Roland. — Tu es bien aimable. Dans le malheur on reconnaît les vrais amis, mais, je ne puis accepter. Je le regrette. Nous sommes de bons amis et je ne veux pas que pour deux misérables dollars, nous devenions d’irréconciliables ennemis. Car tu sais, entre nous, si tu me prêtes de l’argent, j’ignore quand et si jamais je te le rendrai. Et en dépit de toutes tes excellentes qualités, si je ne te rends pas l’argent que tu m’auras prêté, tu m’en voudras toujours. Ainsi donc, encore une fois, je te remercie, et n’en parlons plus.
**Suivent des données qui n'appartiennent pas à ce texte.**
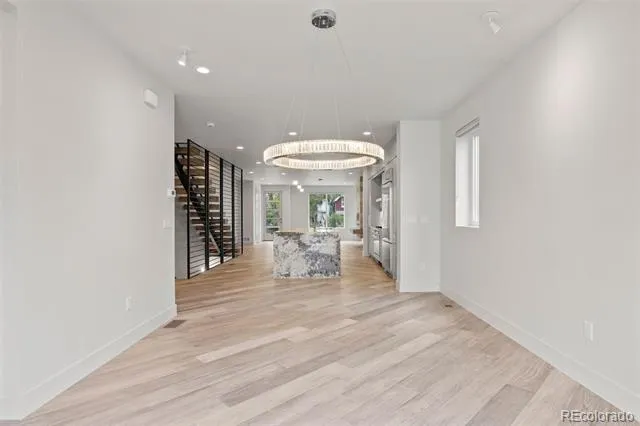 3155 W 26th #L Avenue Denver, CO 80211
Paul. — Tant pis. Enfin, mon cher Roland, oublies-tu que nous vivons dans un siècle pratique avant tout. Tu n’as plus que deux ans d’études. Ton père est riche. Tu es intelligent. Les dédales de l’Université ne sauraient t’effrayer. Aussitôt que tu auras ton diplôme, ton père te cédera une partie de ses patients. Tu n’auras donc pas, comme tant d’autres moins heureux que toi, à soigner, durant des mois et des mois, des malades qui ne te paieront qu’en belles paroles et en remerciements. Je ne comprends pas que tu lâches ainsi la proie pour l’ombre. Crois-tu que l’étude du génie civil soit un jeu d’enfant pour moi, et cependant, je pioche…

Roland. — Encore une fois, je te le répète, c’est plus fort que moi.